Il venditore appone la firma sul contratto preliminare di compravendita

Sì, il contratto preliminare di vendita va registrato, e il termine è generalmente fissato a 30 giorni dalla sottoscrizione. L’imposta di registro dovuta è una somma fissa pari a 200 euro. Se il preliminare prevede una caparra confirmatoria o acconti, su quelle somme si applica anche un’imposta proporzionale dello 0,50%, che viene poi scomputata dall’imposta dovuta al momento del rogito definitivo.

 

In breve:  
  • La registrazione del preliminare di vendita va effettuata entro 30 giorni dalla firma, con una tassa fissa di 200 euro e un’imposta proporzionale dello 0,50% su caparra e acconti.

  • La responsabilità di rispettare la scadenza di 30 giorni spetta alle parti, se il preliminare è scritto privatamente, mentre è compito del notaio se redatto come atto pubblico.

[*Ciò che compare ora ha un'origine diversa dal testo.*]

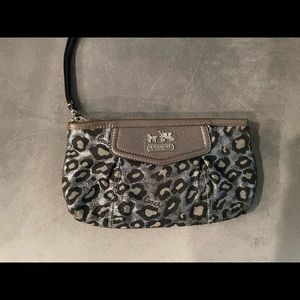 Coach leopard pouch wristlet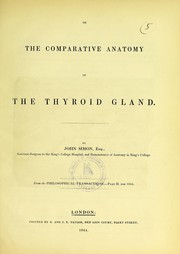 Cover of: On the comparative anatomy of the thyroid gland
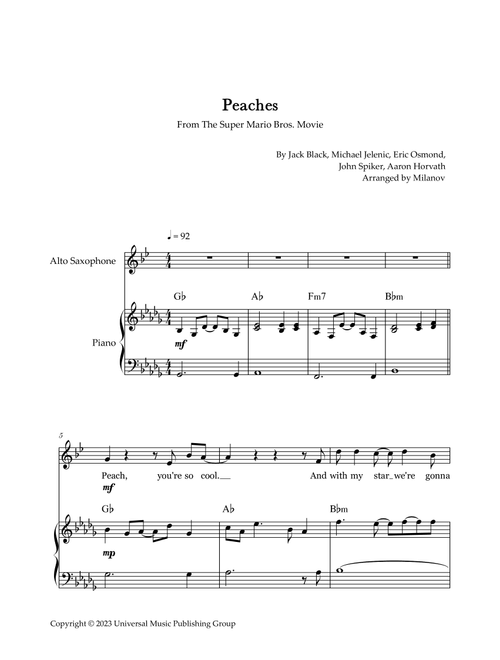 Peaches (Arr. Milanov) - Jack Black (Alto Sax and Piano)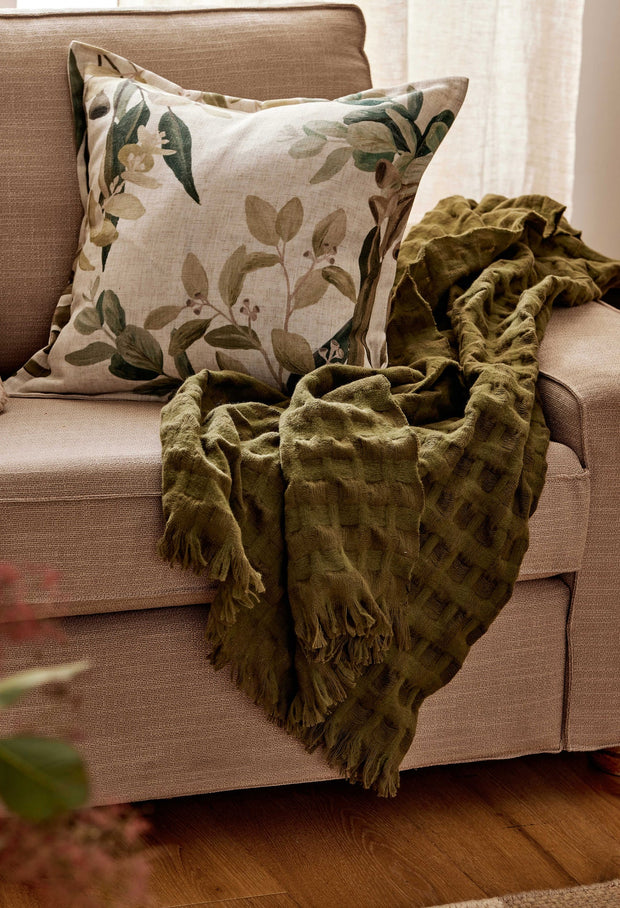 Madras Link - Blake Waffle Olive Throw 130x150cm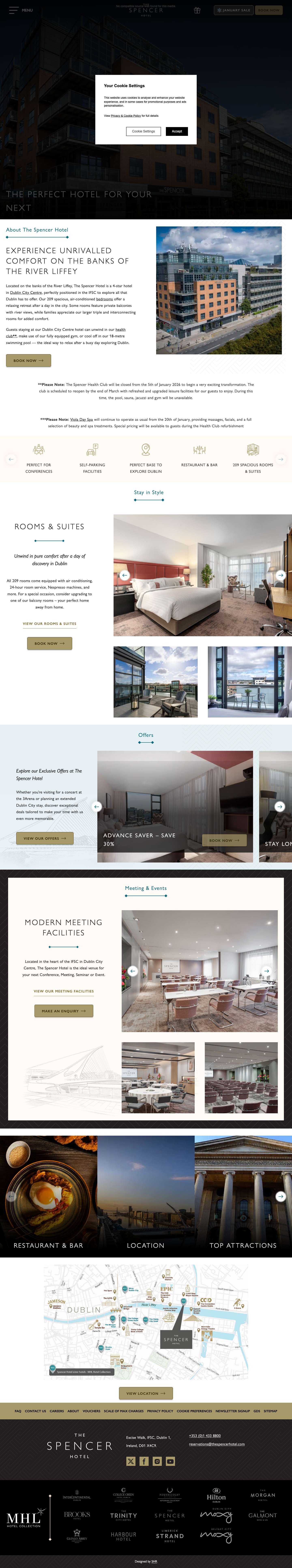 The Spencer Hotel | Dublin Hotels | Hotels In Dublin City Centre - Full Screenshot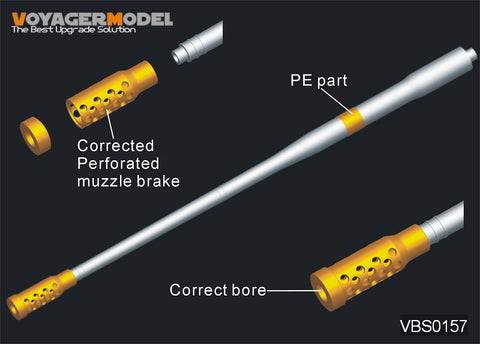 Voyager model metal etching sheet VBS 0157 Germany 12.8 CM K44 Traction anti-tank gun metal barrel
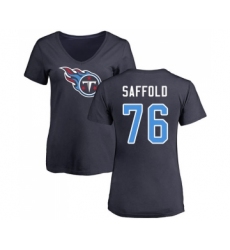 Football Women's Tennessee Titans #76 Rodger Saffold Navy Blue Name & Number Logo T-Shirt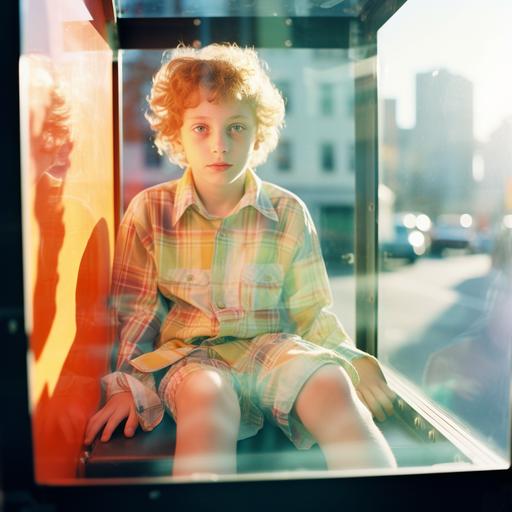a young boy sitting in a transparent but colorful box. its sunny at dawn. The camera is a Nikkormat ftn 35mm photography. Beautiful composition in sharp focus. Shot in the style of Cindy Sherman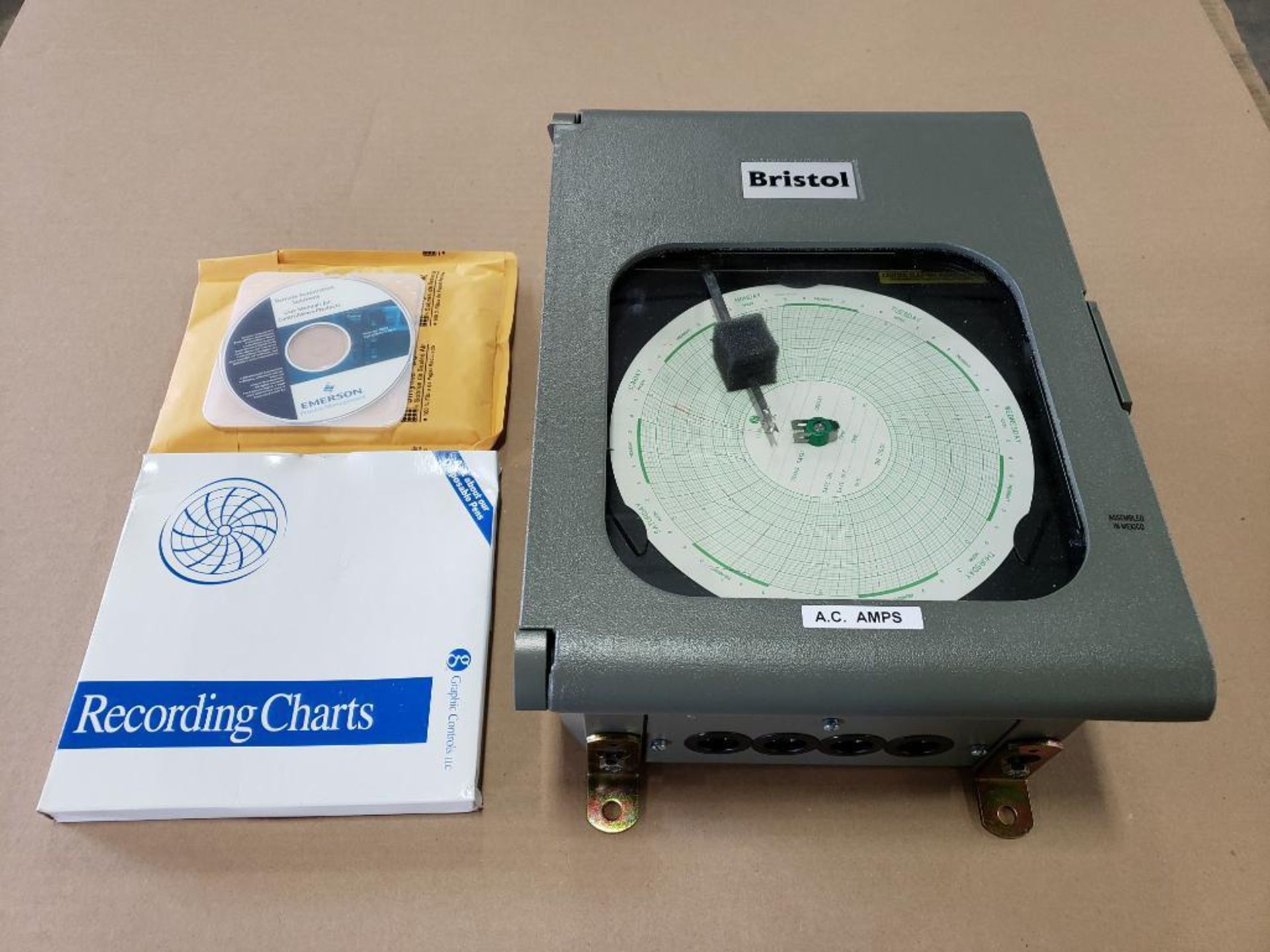 Qty 2 - Emerson Controls Bristol AC Amp chart recorder. Part number 410887B02. New in box.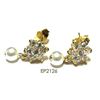 Image 1 : Sterling Silver-GD-CZ Flower Earring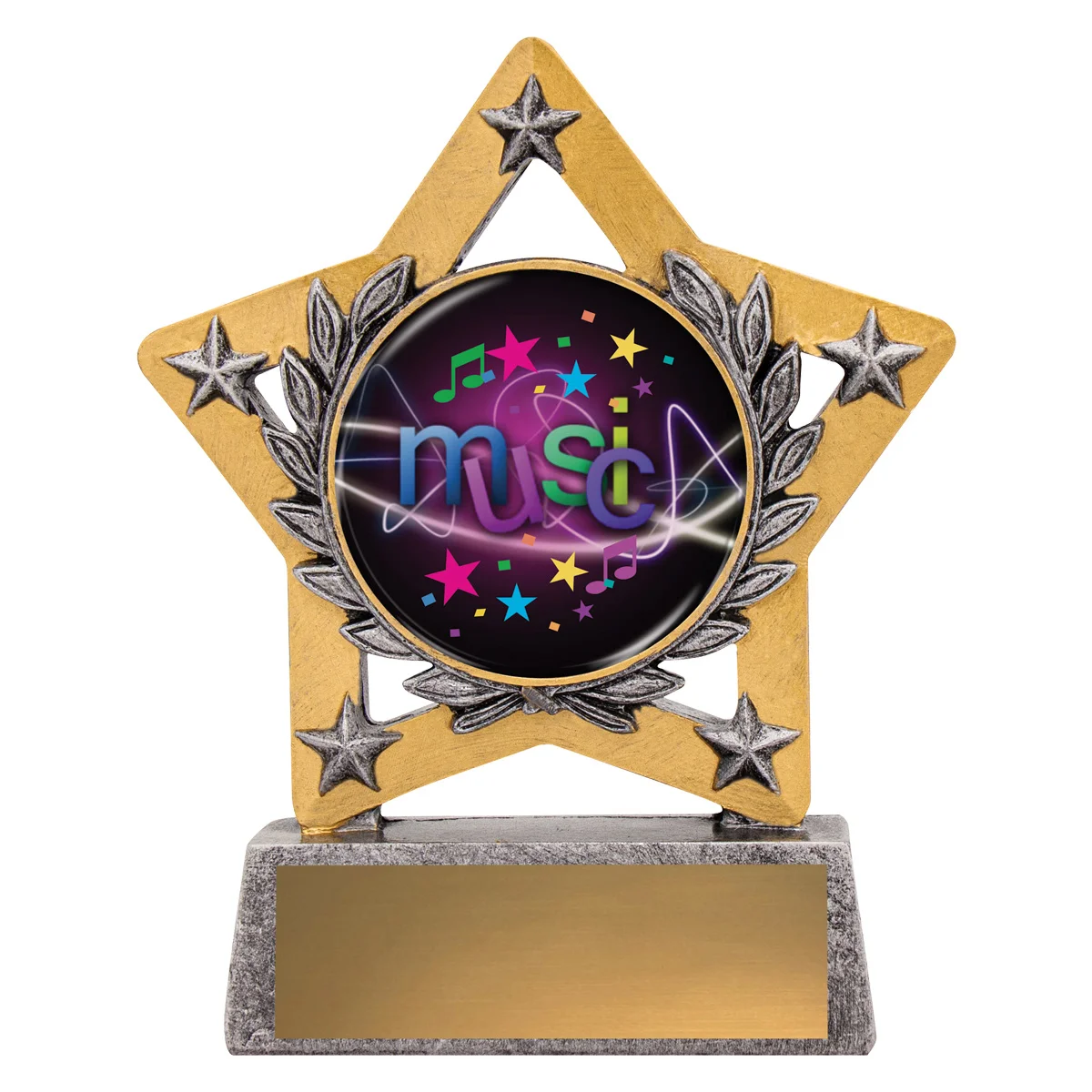 msc361-silver Silver mini star colour - music with resin construction
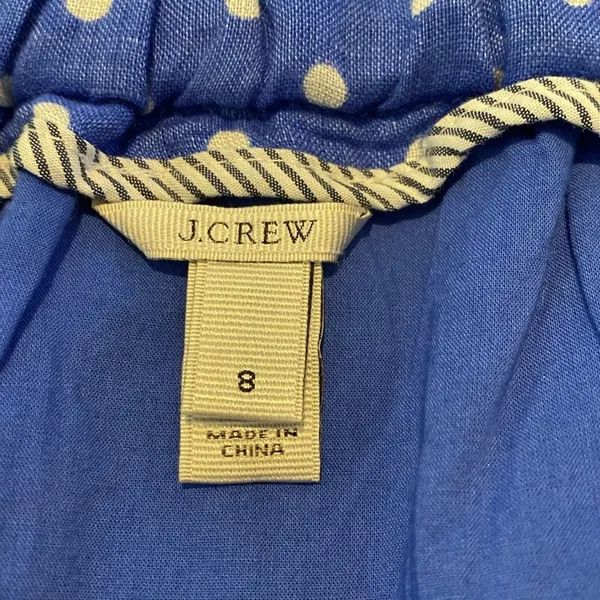 J Crew Linen Polka Dot Lined w Pockets Elasticated Waist Ribbon Tie Skirt 8 - Image 6
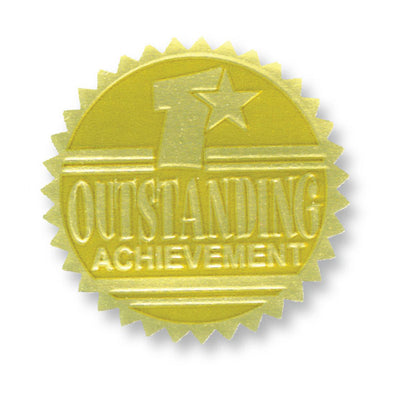 Gold Foil Embossed Seals, Outstanding Achievement, 54 Per Pack, 3 Packs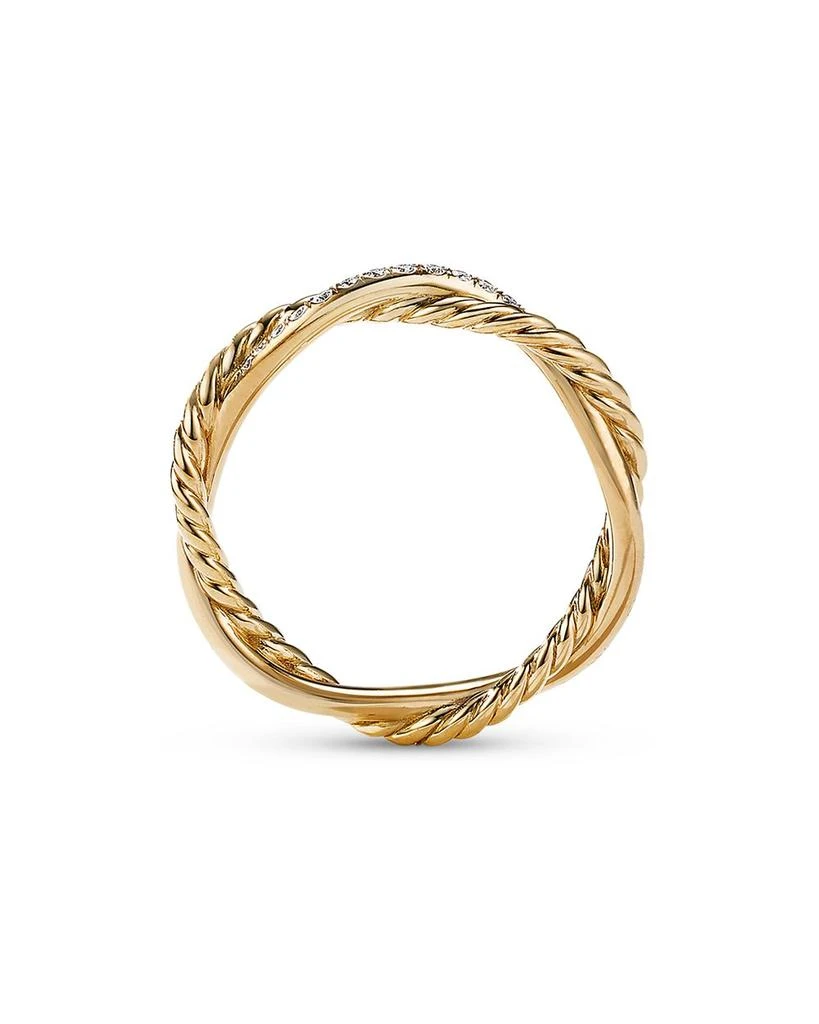 David Yurman 18K Yellow Gold Petite Infinity Twisted Ring with Diamonds 2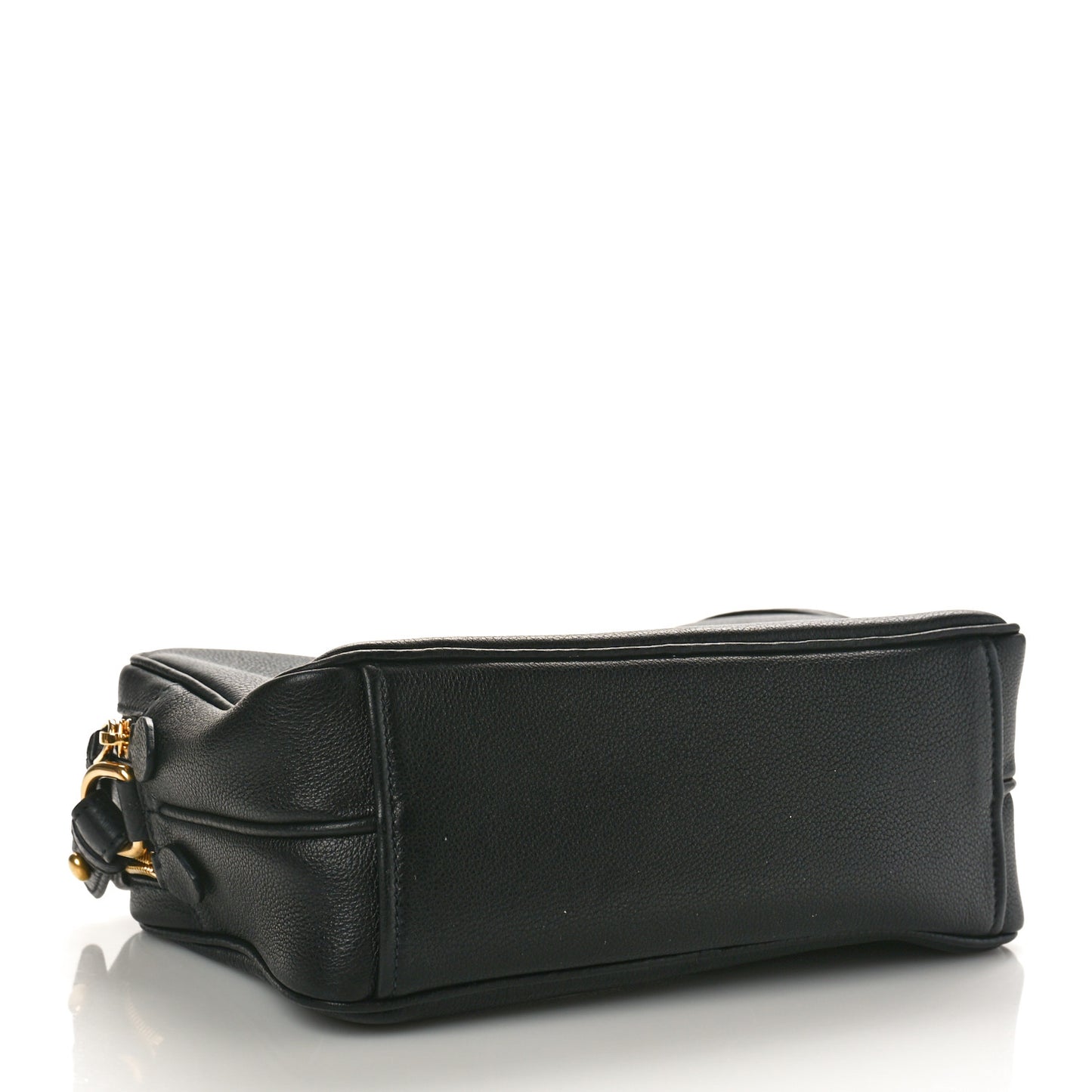 Vitello Daino Medium Double Zip Shoulder Bag Black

  • La spesa totale di registrazione include imposta di registro, imposta proporzionale su caparra, e marche da bollo, con esempi pratici che evidenziano come calcolarle correttamente.

  • La registrazione tramite sistema telematico RAP web richiede attenzione nella compilazione di dettagli catastali e allegati, per evitare respingimenti o ritardi.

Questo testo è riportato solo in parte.